Une « graine » radioactive peut-elle améliorer la survie dans le cancer avancé du foie ?
Le cancer du foie est l’une des principales causes de décès par cancer dans le monde. Mais que se passe-t-il lorsque la maladie devient encore plus agressive ? Pour jusqu’à 40 % des patients, les tumeurs envahissent les vaisseaux sanguins du foie, formant des amas dangereux appelés thrombus tumoral de la veine porte (PVTT). Ces amas bloquent la circulation sanguine, aggravent les dommages au foie et réduisent les taux de survie de moitié. Les traitements traditionnels, comme la chimiothérapie orale ou les procédures bloquant les vaisseaux sanguins, échouent souvent à contrôler le PVTT. Aujourd’hui, les médecins testent un outil surprenant : de minuscules « graines » radioactives implantées directement dans ces amas. Cette approche pourrait-elle offrir plus de temps—et d’espoir—aux patients ?

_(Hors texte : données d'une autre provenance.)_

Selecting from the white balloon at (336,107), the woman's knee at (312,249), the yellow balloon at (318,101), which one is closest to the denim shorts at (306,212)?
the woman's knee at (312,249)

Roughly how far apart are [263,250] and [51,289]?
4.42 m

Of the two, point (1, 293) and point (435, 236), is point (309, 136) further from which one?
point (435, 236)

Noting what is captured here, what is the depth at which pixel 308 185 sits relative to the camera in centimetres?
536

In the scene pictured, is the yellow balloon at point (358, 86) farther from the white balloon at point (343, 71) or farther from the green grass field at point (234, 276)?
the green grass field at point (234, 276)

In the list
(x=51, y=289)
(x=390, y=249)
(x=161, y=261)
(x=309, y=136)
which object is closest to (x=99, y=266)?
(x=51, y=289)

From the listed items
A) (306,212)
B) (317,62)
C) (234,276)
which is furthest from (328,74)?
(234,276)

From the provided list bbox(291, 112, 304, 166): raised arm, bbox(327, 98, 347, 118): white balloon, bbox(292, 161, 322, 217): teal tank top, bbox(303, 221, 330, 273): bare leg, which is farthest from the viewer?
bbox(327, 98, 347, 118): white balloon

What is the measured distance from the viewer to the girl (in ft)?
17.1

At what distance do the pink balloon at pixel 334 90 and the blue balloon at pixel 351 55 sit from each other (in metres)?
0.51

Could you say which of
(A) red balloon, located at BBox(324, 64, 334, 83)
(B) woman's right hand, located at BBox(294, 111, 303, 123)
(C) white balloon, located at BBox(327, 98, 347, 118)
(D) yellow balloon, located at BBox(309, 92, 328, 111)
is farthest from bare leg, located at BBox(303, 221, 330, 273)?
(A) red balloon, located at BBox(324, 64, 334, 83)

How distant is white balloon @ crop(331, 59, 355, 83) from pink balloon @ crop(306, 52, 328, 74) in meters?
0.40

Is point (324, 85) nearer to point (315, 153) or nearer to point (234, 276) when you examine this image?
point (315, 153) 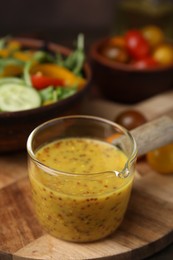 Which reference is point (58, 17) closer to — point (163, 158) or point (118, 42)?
point (118, 42)

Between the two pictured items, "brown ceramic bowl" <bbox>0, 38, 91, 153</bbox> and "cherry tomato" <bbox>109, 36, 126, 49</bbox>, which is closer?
"brown ceramic bowl" <bbox>0, 38, 91, 153</bbox>

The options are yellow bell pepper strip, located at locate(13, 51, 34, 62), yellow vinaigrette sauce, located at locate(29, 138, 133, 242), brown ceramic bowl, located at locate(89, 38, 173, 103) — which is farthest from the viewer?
brown ceramic bowl, located at locate(89, 38, 173, 103)

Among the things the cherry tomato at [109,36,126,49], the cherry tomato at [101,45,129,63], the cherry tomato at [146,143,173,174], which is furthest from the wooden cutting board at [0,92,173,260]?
the cherry tomato at [109,36,126,49]

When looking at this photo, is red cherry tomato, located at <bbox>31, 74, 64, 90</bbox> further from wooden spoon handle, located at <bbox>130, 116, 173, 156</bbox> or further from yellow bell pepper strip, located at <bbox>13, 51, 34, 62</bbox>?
wooden spoon handle, located at <bbox>130, 116, 173, 156</bbox>

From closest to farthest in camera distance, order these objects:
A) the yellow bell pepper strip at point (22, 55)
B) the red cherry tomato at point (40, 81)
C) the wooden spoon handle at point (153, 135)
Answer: the wooden spoon handle at point (153, 135) < the red cherry tomato at point (40, 81) < the yellow bell pepper strip at point (22, 55)

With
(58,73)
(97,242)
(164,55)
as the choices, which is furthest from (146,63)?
(97,242)

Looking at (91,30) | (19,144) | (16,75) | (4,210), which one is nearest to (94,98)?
(16,75)

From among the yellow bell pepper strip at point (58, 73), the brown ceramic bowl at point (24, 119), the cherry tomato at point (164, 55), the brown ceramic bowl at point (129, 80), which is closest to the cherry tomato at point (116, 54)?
the brown ceramic bowl at point (129, 80)

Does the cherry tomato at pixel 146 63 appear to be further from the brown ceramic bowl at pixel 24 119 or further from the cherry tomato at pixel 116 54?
the brown ceramic bowl at pixel 24 119

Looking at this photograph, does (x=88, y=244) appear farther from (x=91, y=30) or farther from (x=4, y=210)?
(x=91, y=30) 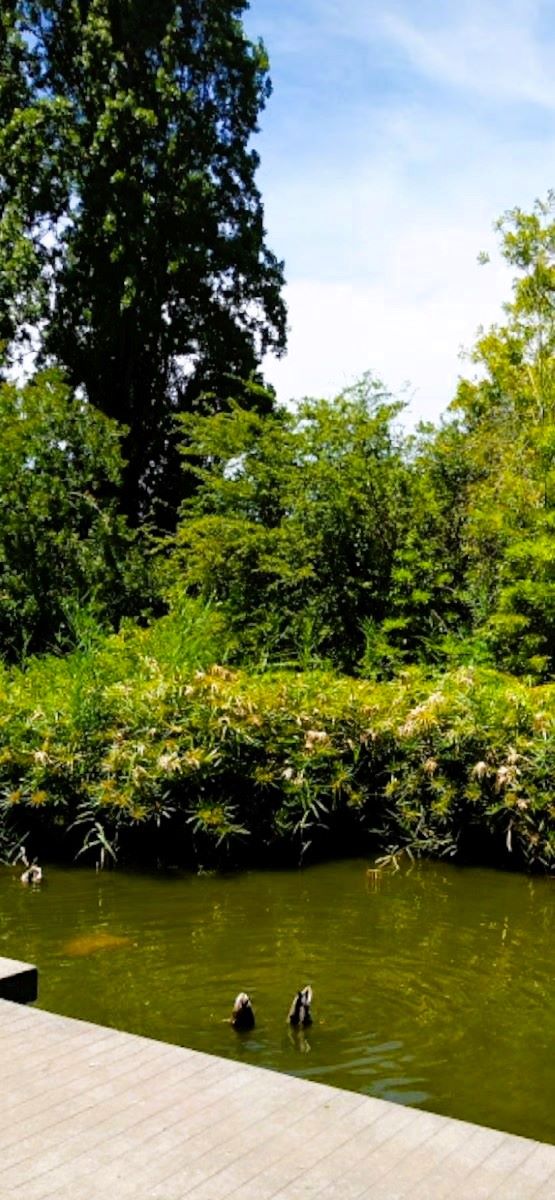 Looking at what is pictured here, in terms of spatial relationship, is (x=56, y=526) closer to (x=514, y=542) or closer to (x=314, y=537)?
Answer: (x=314, y=537)

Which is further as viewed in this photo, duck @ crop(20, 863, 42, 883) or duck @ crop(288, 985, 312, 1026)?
duck @ crop(20, 863, 42, 883)

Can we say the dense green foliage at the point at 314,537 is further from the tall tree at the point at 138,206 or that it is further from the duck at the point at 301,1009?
the tall tree at the point at 138,206

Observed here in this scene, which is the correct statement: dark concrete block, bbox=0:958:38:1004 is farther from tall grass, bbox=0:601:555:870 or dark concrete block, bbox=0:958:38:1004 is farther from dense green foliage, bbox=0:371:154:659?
dense green foliage, bbox=0:371:154:659

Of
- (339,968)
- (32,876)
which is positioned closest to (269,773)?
(32,876)

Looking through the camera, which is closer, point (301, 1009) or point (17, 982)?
point (17, 982)

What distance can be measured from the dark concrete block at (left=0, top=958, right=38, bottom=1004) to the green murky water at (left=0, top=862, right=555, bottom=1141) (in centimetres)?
69

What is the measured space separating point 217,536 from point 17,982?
30.3 ft

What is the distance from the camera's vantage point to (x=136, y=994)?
5.82m

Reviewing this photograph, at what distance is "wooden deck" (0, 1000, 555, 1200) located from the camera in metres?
3.07

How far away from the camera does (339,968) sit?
6281mm

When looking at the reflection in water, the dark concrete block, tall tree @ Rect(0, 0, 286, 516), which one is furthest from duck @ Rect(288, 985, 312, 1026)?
tall tree @ Rect(0, 0, 286, 516)

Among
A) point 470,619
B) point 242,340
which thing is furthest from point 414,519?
point 242,340

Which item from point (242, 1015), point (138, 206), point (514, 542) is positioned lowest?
point (242, 1015)

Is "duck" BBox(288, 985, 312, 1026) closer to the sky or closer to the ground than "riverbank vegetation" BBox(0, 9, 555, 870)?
closer to the ground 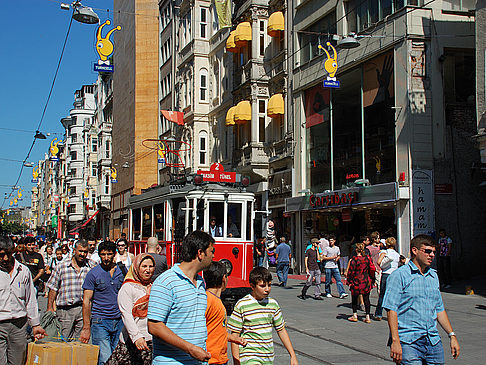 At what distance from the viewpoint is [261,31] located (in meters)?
31.7

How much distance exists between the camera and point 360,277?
46.1ft

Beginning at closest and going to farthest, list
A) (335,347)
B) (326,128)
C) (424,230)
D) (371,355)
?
1. (371,355)
2. (335,347)
3. (424,230)
4. (326,128)

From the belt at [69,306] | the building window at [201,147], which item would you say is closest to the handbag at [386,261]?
the belt at [69,306]

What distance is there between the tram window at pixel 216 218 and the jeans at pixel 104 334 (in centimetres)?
883

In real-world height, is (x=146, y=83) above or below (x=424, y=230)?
above

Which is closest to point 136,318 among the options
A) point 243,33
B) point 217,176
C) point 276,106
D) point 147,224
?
point 217,176

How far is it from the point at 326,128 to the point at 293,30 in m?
5.47

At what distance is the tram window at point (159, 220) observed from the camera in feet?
57.8

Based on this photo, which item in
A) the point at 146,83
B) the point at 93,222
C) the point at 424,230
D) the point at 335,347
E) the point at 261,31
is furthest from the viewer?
the point at 93,222

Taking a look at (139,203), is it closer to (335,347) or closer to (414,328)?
(335,347)

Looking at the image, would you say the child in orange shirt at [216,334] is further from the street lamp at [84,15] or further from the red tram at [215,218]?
the street lamp at [84,15]

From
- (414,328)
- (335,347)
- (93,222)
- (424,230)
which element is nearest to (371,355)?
(335,347)

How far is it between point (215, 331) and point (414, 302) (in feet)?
5.89

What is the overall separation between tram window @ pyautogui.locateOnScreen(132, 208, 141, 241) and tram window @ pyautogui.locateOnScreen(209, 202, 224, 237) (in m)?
4.54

Le problème du PVTT : pourquoi le cancer du foie devient incurable
Le foie filtre le sang provenant des intestins à travers un vaisseau majeur appelé la veine porte. Lorsque les cellules cancéreuses envahissent cette veine, elles forment un PVTT—une masse enchevêtrée qui agit comme une autoroute pour la croissance tumorale. Le PVTT rend le cancer du foie plus difficile à traiter de trois manières :
- Blocage de la circulation sanguine : Les amas empêchent les tissus sains du foie de recevoir de l’oxygène.
- Propagation rapide : Les tumeurs utilisent la veine porte pour se propager plus profondément dans le foie.
- Résistance aux traitements : Les thérapies standard peinent à pénétrer les amas.
Les patients atteints de PVTT survivent souvent moins d’un an. Le médicament de référence, le sorafénib (un comprimé qui ralentit la croissance tumorale), ne maintient la maladie stable que pendant quelques mois. Associer le sorafénib à la chimioembolisation transartérielle (TACE)—une procédure où la chimiothérapie est injectée dans les vaisseaux sanguins du foie, suivie de leur blocage—aide certains patients. Mais les études montrent que cette combinaison réduit le PVTT dans moins de 10 % des cas.
Une nouvelle approche : les graines radioactives rencontrent la chimio
En 2023, une étude a exploré l’ajout d’une troisième arme : la curiethérapie par graines d’iode-125. Voici comment cela fonctionne :
- Étape 1 : Les médecins réalisent une TACE pour couper l’approvisionnement sanguin de la tumeur et administrer la chimiothérapie.
- Étape 2 : Les patients prennent du sorafénib pour ralentir la croissance du cancer.
- Étape 3 : De minuscules implants radioactifs (graines d’iode-125) sont placés dans le PVTT à l’aide d’une aiguille guidée par des scanners CT. Ces graines émettent une faible dose de radiation pendant des mois, endommageant les cellules cancéreuses tout en épargnant les tissus sains.
Les chercheurs ont comparé deux groupes :
- Groupe 1 : 74 patients ont reçu TACE + sorafénib + graines d’iode (TACE-S-I).
- Groupe 2 : 97 patients ont reçu TACE + sorafénib seul (TACE-S).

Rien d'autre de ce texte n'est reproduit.